The directory you have downloaded contains:

- 7za: the executable of LZMA and downloaded from http://www.7-zip.org/.
       Sources in 7za/

- bst, unbst: the executable of the compression booster: bzip with unbounded window.
       Downloaded from http://web.unipmn.it/~manzini/boosting/
       Sources in booster/

- BMIcompress, BMIdecompress: the executables of the bmi-preprocessor implemented
       by Bentley-McIlroy (2001). Downloaded from http://www.cs.dartmouth.edu/~doug/jlbcompress.tar
       Sources in bmi/


- ppdmi, unpdmi: the implemntation of PPMonster by D. Shkarin (2002). 
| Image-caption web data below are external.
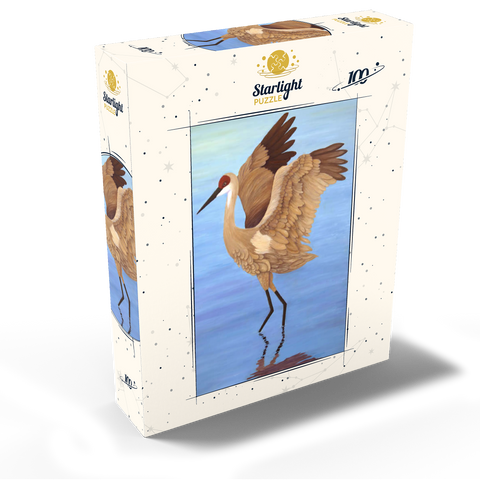 Sandhill Crane with Outstretched Wings 100 Jigsaw Puzzle box view2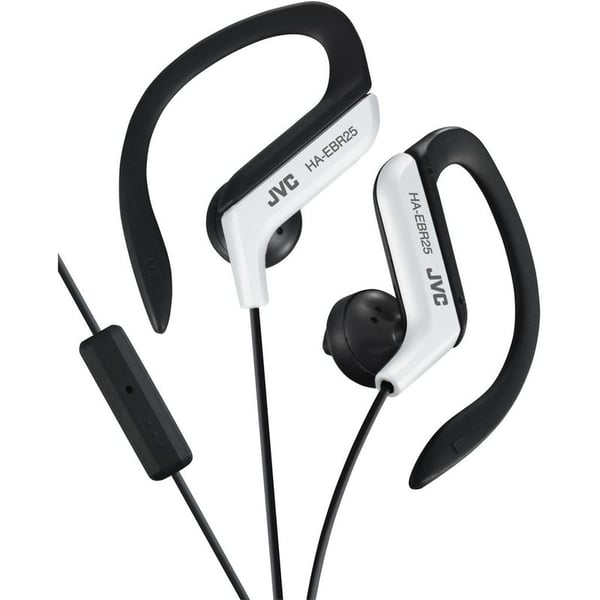 JVC HA-EBR25-W Sports Clip Headphones White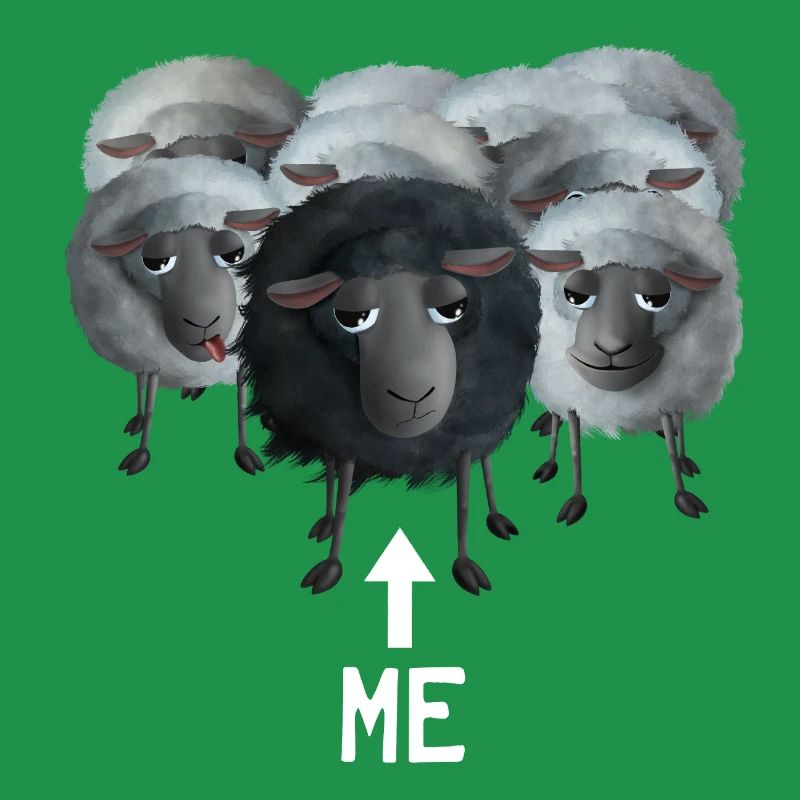 Doux mouton - moi le mouton noir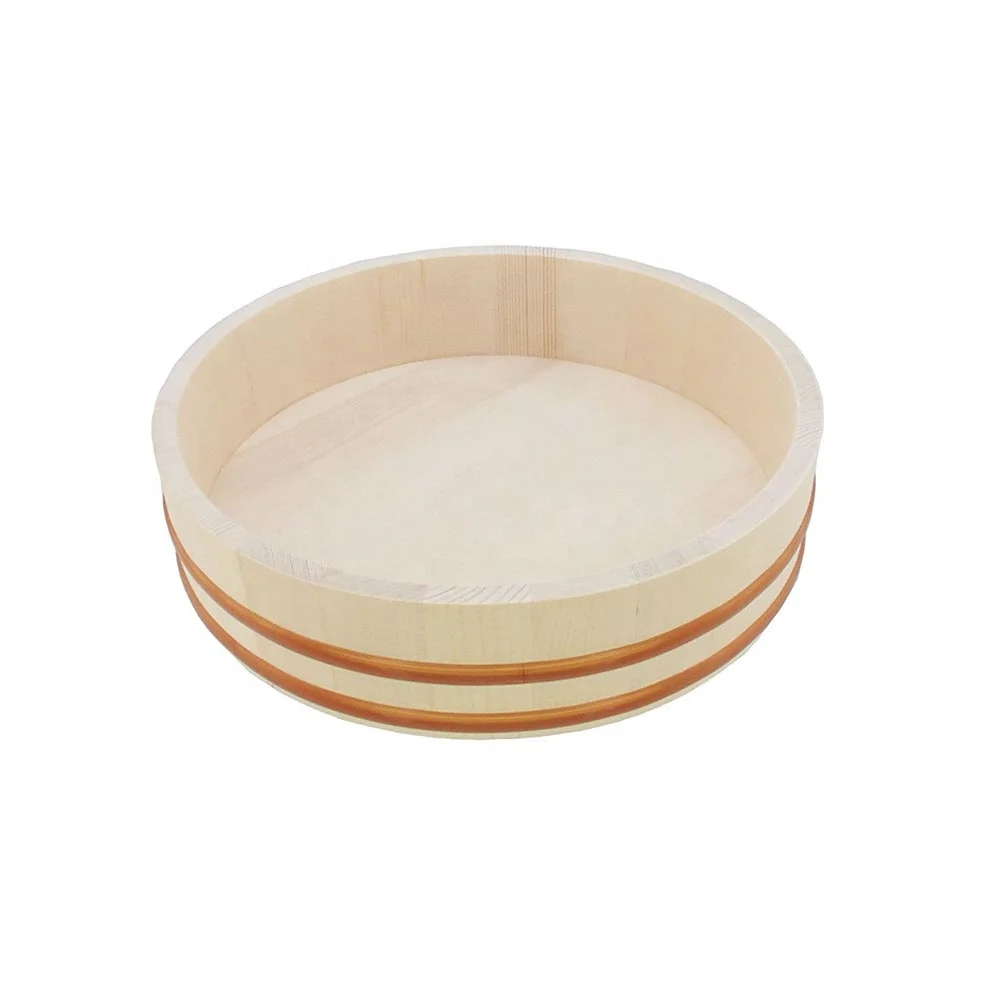 Wooden Hangiri, Sushi Oke, Rice Mixing Tub wholesale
The you have a set of PERL scripts that allow you to run the compressors over the WARC-files
subdividing them into blocks of pages.

- blocked_compress.pl <blockSize> <compressorID> <numBlocksToCompress> <WriteCompressed>

  The file (in WARC format) to be compressed is passed via STDIN.

  Parameter #1 indicates the size of the block in MBs. So 1 means 1MB.
  Parameter #2 specifies the compressor to be used. The subset that you have here available is:
     0 = gzip -9, 1 = bzip2 -9, 2 = ppdmi, 3 = booster, 15 = lzma, 16 = bmi+gz, 18 = bmi+lzma.
  Parameter #3 indicates hom many blocks to compress (0 = all)
  Parameter #4 indicates 1 = write the compressed file, 0 = silent mode (no writing)

  During the compression the script will print on STDOUT some statistics, and in the file stats.txt
  a more detailed log of the compression process.


- blocked_decompress.pl <WriteDecompressed>
   
  The file to be decompressed is read from the auxiliary files: _compr-file_.out and _compr-sizes.out
  
  Parameter #1 indicates 1 = write the decompressed file, 0 = silent mode (no writing)


- CSAtest_blocked.pl <blockSize> <BuildSearch> <SampleDist>

  The file (in WARC format) to be compressed is passed via STDIN.

  Parameter #1 indicates the size of the block in MBs. So 1 means 1MB.
  Parameter #2 specifies 0 = build the CSA, 1 = Search the CSA
  Parameter #3 specifies the sampleDistance to be assigned to -p: 128, 256, 1024,.... in our experiments

  I suggest you to use just the version: "building", because the "searching" needs further files to
  test the CSA.

 
- random_permuting.pl
  
  Reads from STDIN the file (WARC-format) and writes in the output two files which specify a random
  permutation of the pages. ( _PermutedPos_.txt e _PageSizes_.txt)
       
- url_sorting.pl

  Reads from STDIN the file (WARC-format) and writes in the output two files which specify the url_based
  permutation of the pages. ( _PermutedPos_.txt e _PageSizes_.txt)


- permute.pl

  Read the pages to be permuted from the STDIN, and the permutation from the two 
  files: _PermutedPos_.txt and _PageSizes_.txt
  Then realizes this permutation by writing out the new WARC-formatted file
  of the permuted pages, naming it _FinalPermuted_.txt


- stripping_html.pl

  Receives from STDIN the file to be cleaned, and then writes to STDOUT the cleaned file.
  [You must install, with root privileges, the PERL package HTML-Strip-1.06 present in this dir]